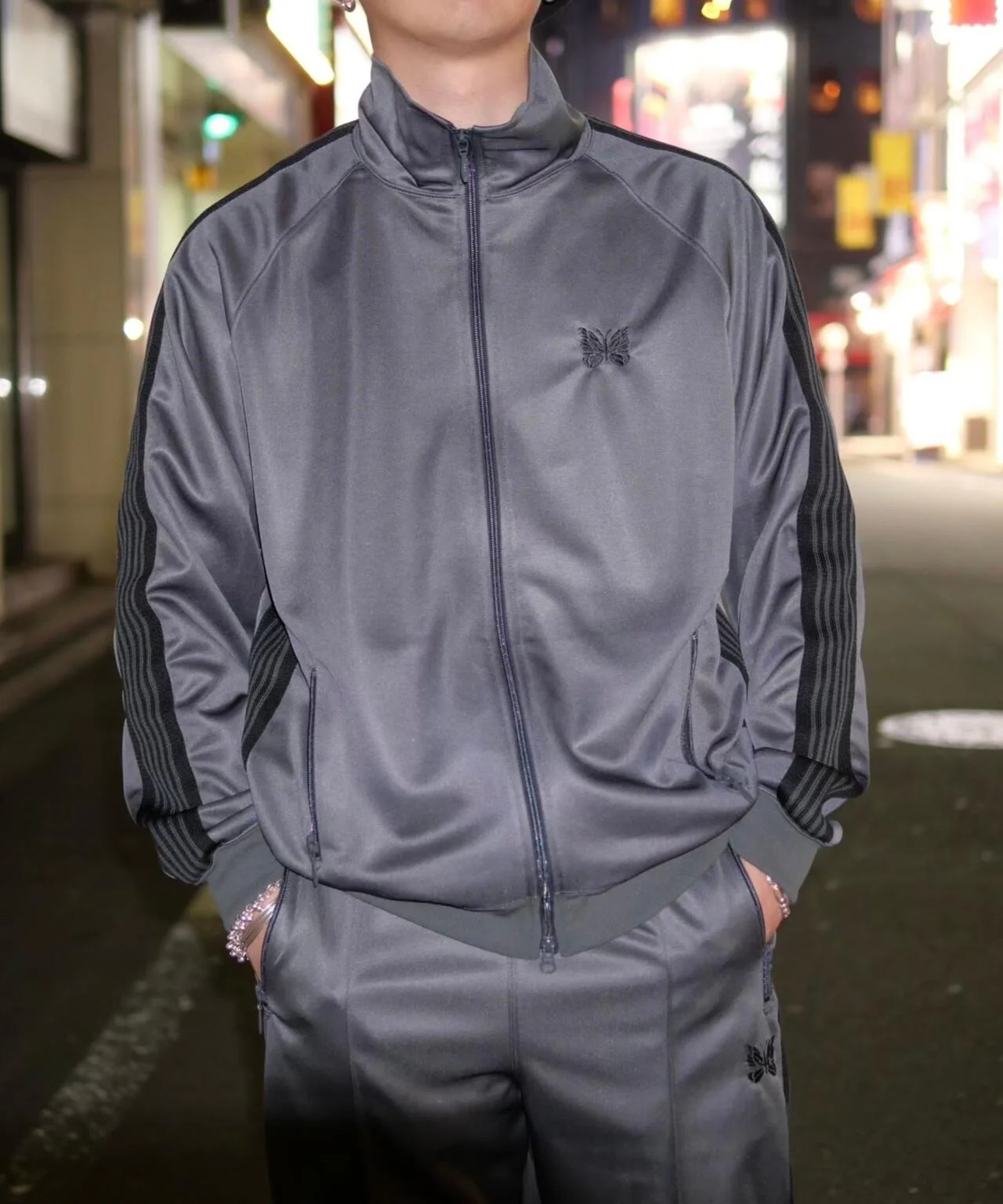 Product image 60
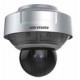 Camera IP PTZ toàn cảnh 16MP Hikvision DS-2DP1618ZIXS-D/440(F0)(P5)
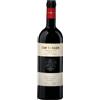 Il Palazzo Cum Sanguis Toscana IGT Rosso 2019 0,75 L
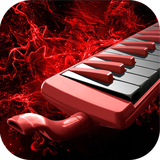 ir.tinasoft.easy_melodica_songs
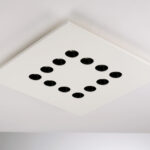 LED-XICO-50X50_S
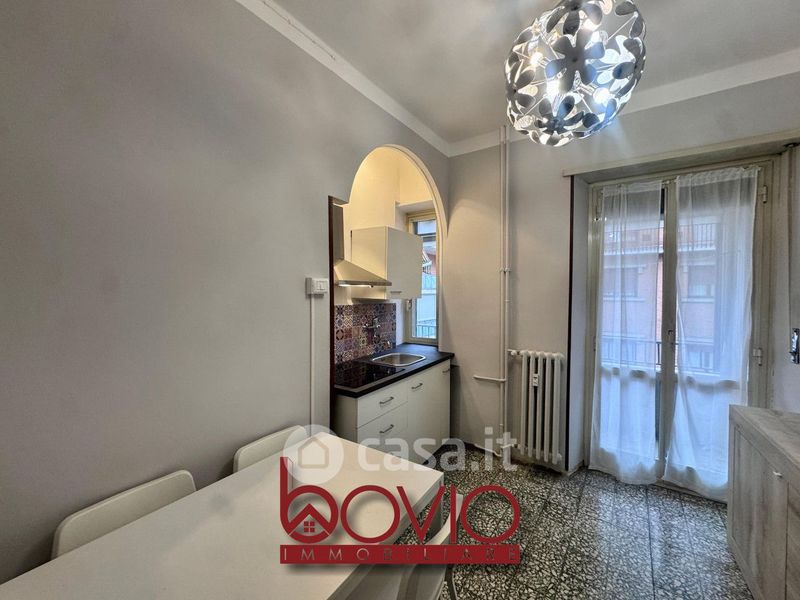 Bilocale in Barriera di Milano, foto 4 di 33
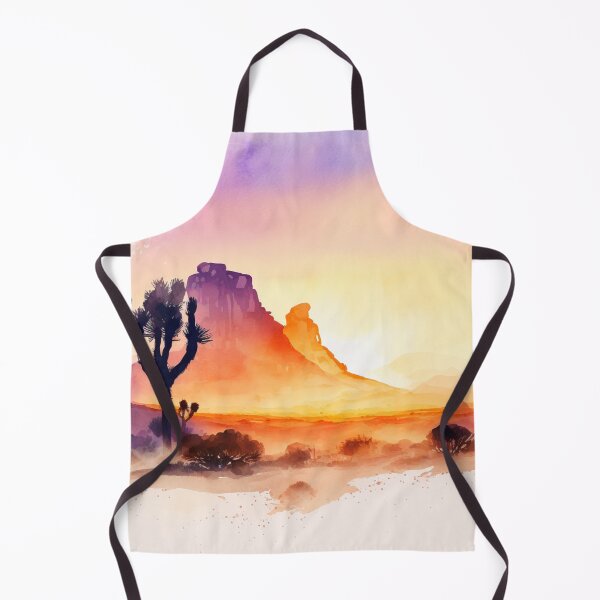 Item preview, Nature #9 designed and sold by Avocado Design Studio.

▶ [Exercise] All that is needed is the data above, repeated exactly, without the pictures.

▶ [Answer for this exercise]
 Product image 60
 Camera IP PTZ toàn cảnh 16MP Hikvision DS-2DP1618ZIXS-D/440(F0)(P5)
 Il Palazzo Cum Sanguis Toscana IGT Rosso 2019 0,75 L
 ir.tinasoft.easy_melodica_songs
 LED-XICO-50X50_S
 Bilocale in Barriera di Milano, foto 4 di 33
 Item preview, Nature #9 designed and sold by Avocado Design Studio.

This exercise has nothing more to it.